Work to complete |
Within the records below, reproduce without change the lines from the line that has "Peugeot 2008 1.2 PureTech Style" through the line that has "Women’s Compete II Waterproof Jacket", and only those.

· · ·

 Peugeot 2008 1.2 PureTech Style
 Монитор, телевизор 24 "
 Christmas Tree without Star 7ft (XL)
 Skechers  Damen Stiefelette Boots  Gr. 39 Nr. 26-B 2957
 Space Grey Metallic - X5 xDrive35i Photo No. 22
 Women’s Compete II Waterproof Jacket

· · ·

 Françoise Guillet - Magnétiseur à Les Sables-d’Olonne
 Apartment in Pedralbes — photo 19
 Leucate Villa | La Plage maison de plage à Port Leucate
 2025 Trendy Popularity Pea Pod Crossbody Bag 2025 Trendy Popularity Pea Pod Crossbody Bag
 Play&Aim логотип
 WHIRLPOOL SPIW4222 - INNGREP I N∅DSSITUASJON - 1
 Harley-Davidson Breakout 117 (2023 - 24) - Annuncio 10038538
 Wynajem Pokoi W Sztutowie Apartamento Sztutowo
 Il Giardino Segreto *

· · ·

Reply |
 Peugeot 2008 1.2 PureTech Style
 Монитор, телевизор 24 "
 Christmas Tree without Star 7ft (XL)
 Skechers  Damen Stiefelette Boots  Gr. 39 Nr. 26-B 2957
 Space Grey Metallic - X5 xDrive35i Photo No. 22
 Women’s Compete II Waterproof Jacket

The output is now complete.